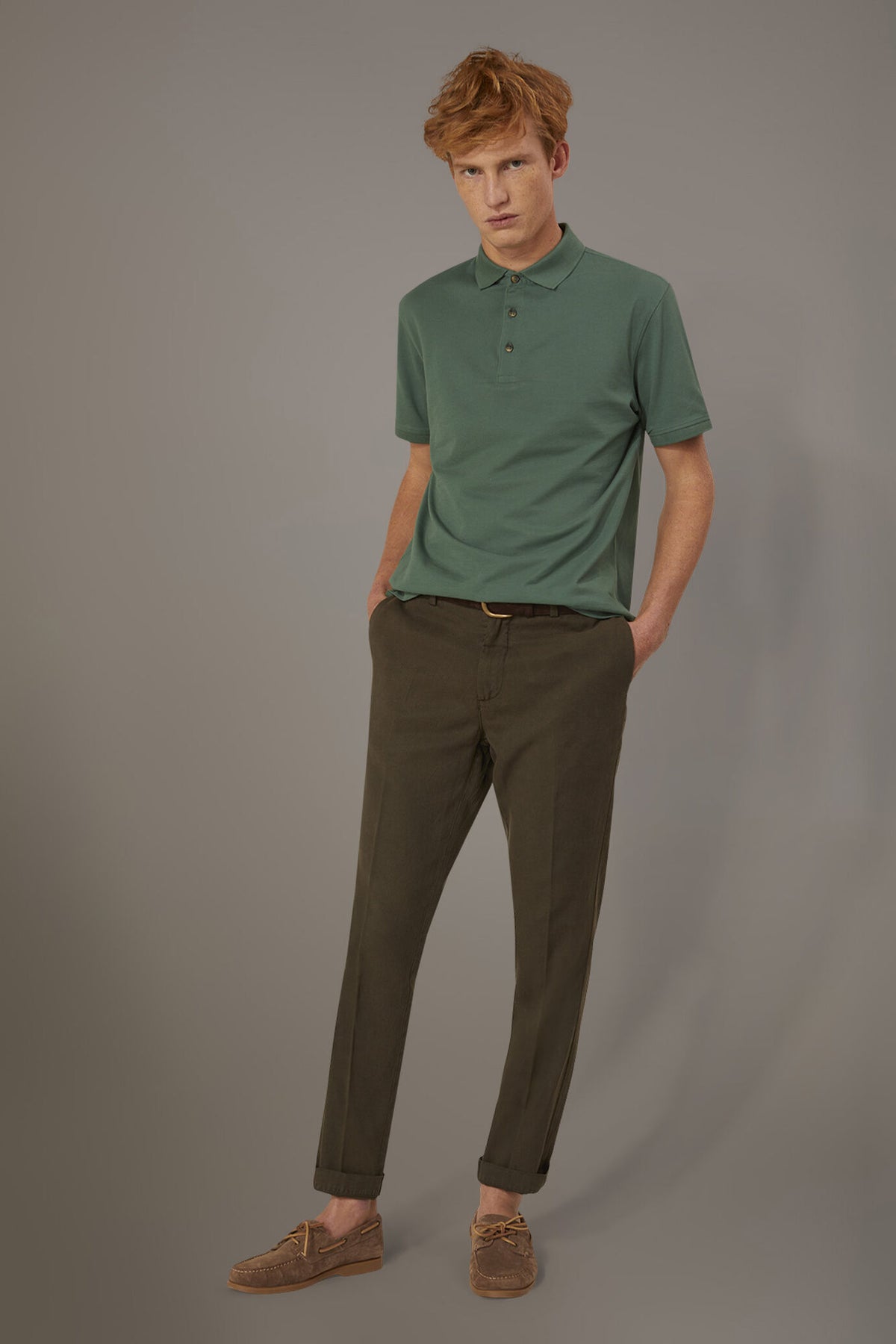 Linen blend chino trousers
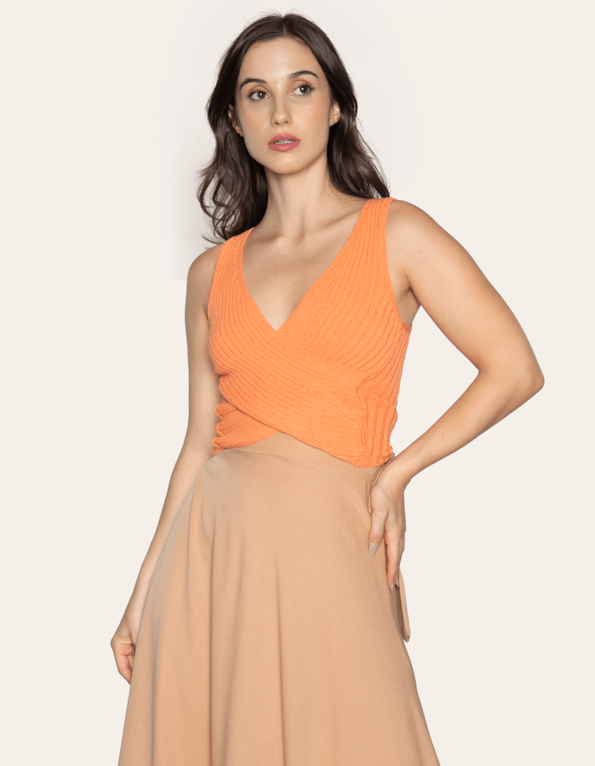 Blusa cropped tricot transpassada Salmon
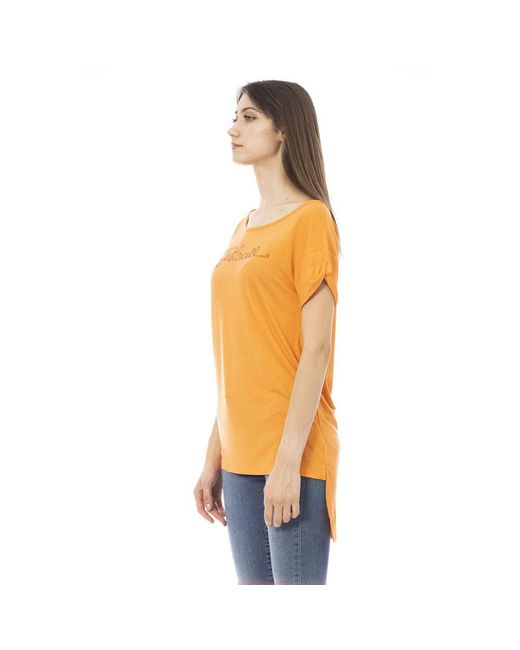 Just Cavalli Orange Chic Rhinestone Logo Tee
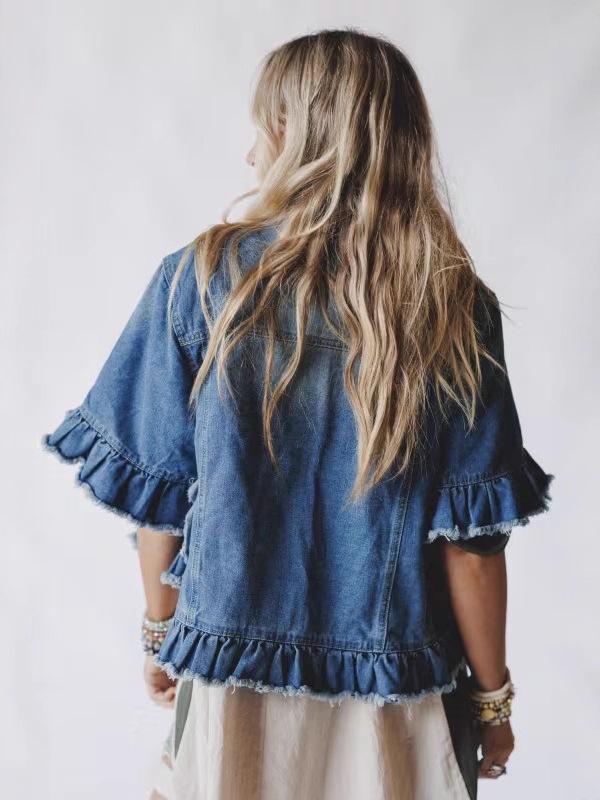Autumn Women's Ruffle Hem Tassel Denim Top
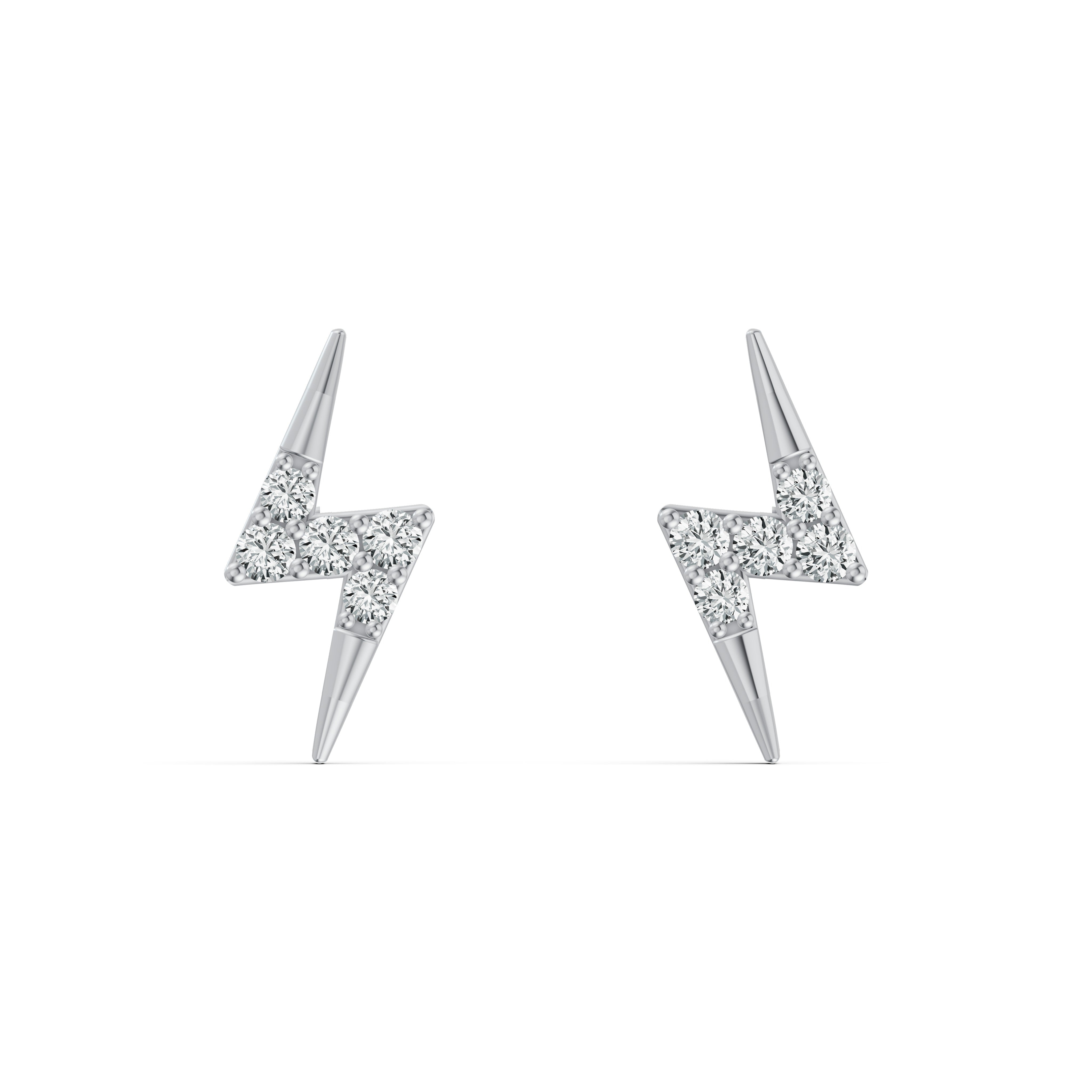 Electric Bolt Stud Diamond Earrings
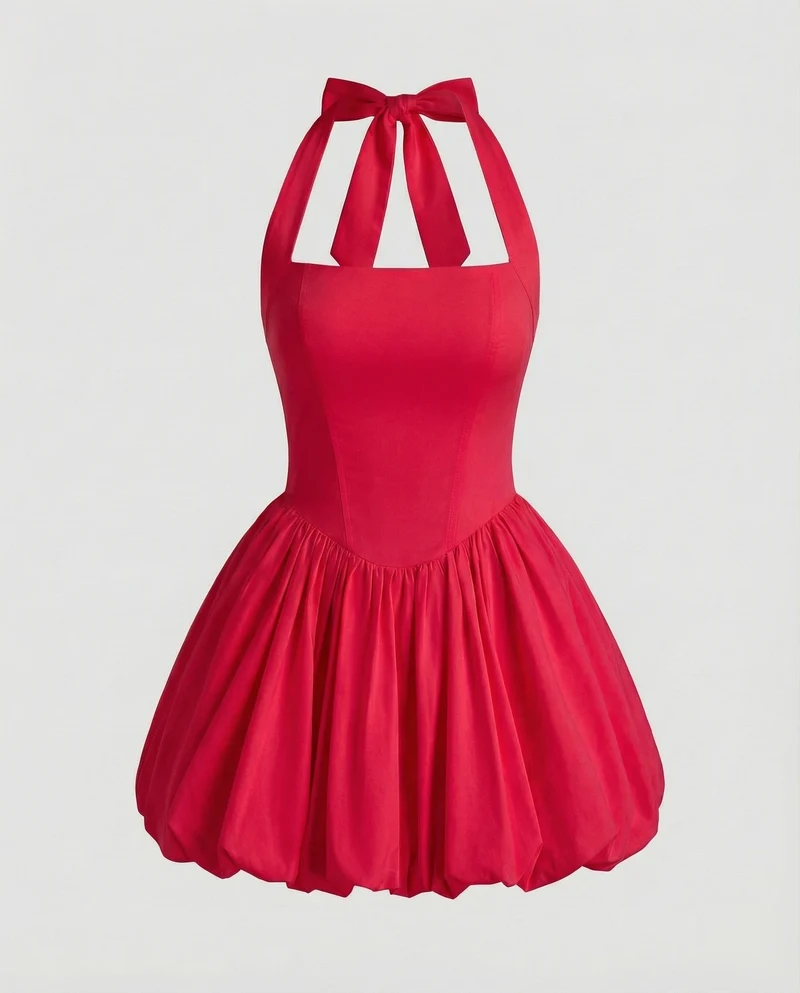 Damen tailliertes Neckholder-Minikleid mit Ballonrock
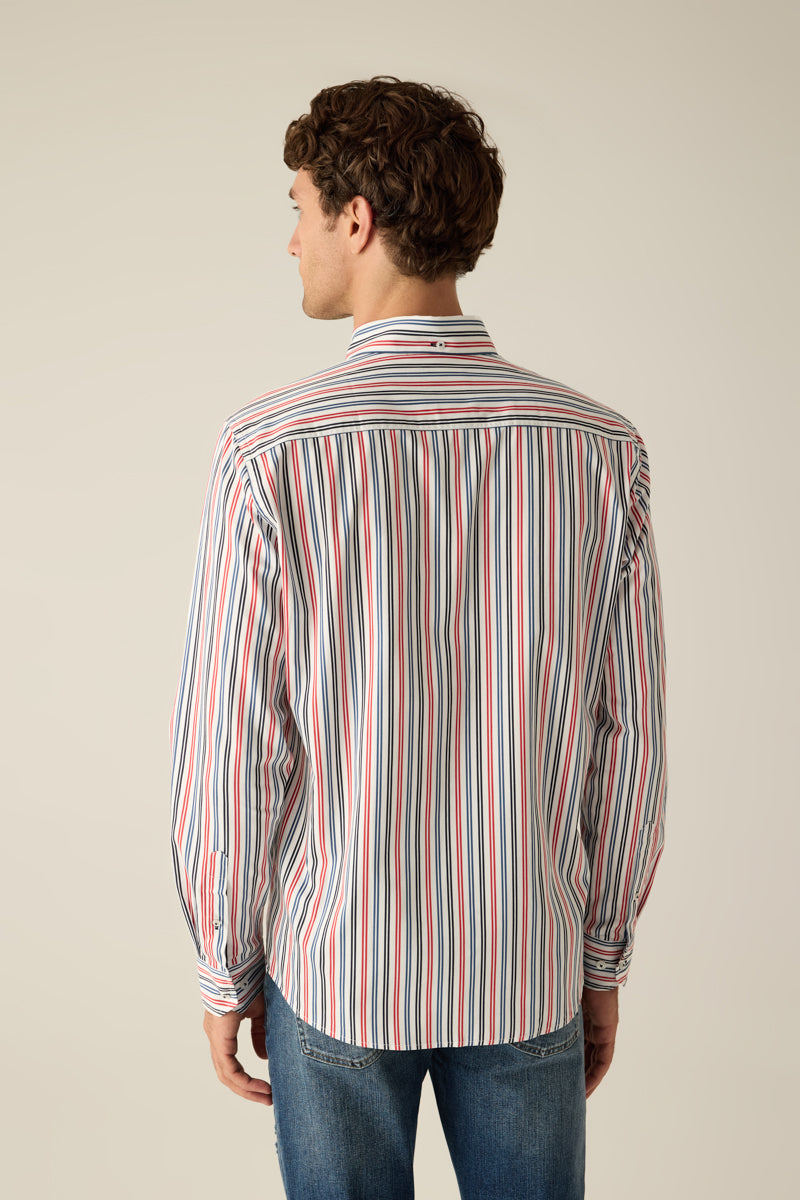 Herren Freizeithemd Modern Fit – White mit Red-Blue-Streifen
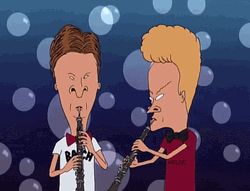 Beavis And Butthead Playing Saxophone GIF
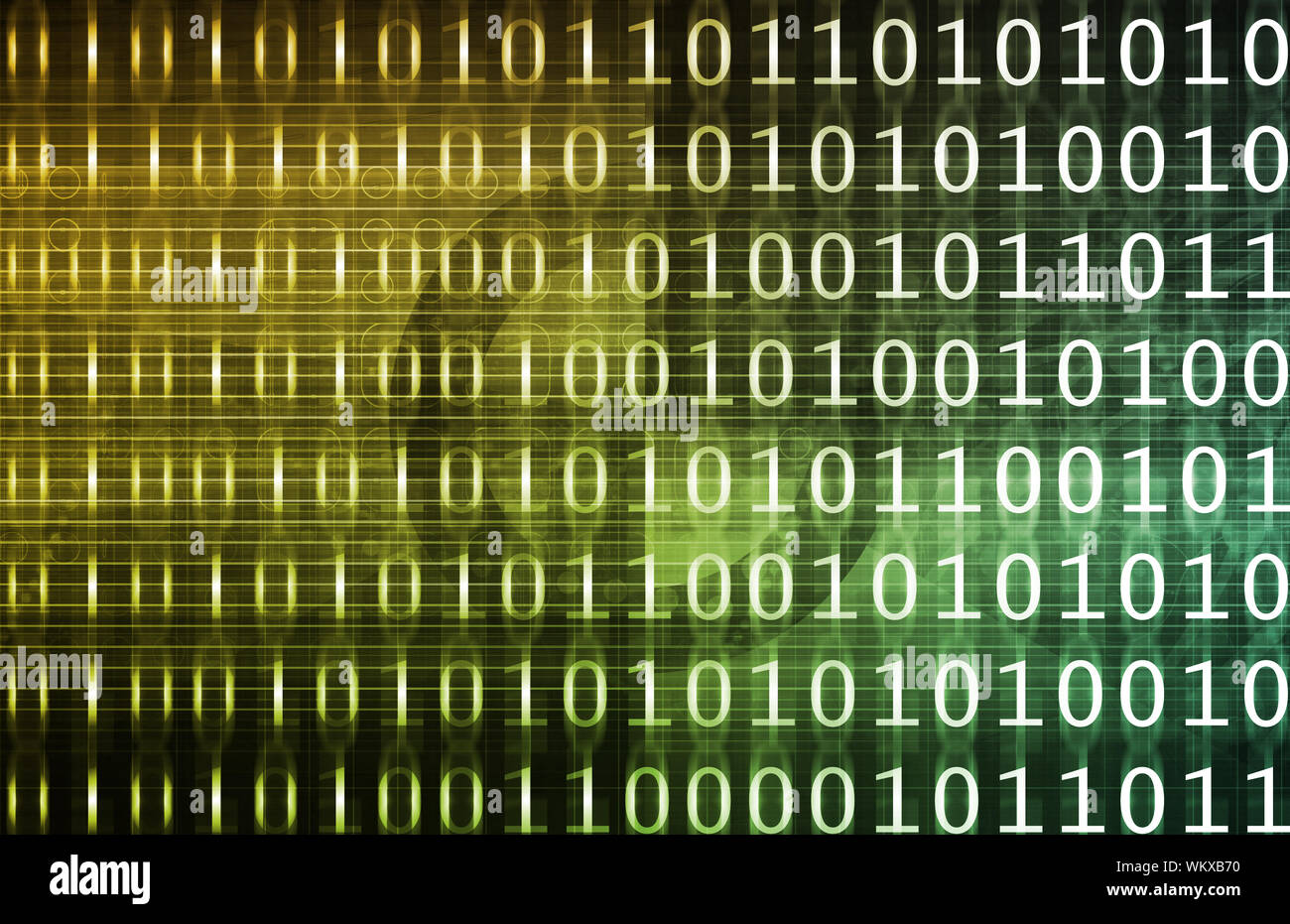 Binary Technologie Stream mit 1 s und 0 s Kunst Stockfoto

#####

▶ **Work to complete**
Retype the data exactly; images stay out.

▶ **Reply to the exercise**
 Linen blend chino trousers
 Blusa cropped tricot transpassada Salmon
 Just Cavalli Orange Chic Rhinestone Logo Tee
Autumn Women's Ruffle Hem Tassel Denim Top
 Electric Bolt Stud Diamond Earrings
 Damen tailliertes Neckholder-Minikleid mit Ballonrock
 Herren Freizeithemd Modern Fit – White mit Red-Blue-Streifen
 Beavis And Butthead Playing Saxophone GIF
 Binary Technologie Stream mit 1 s und 0 s Kunst Stockfoto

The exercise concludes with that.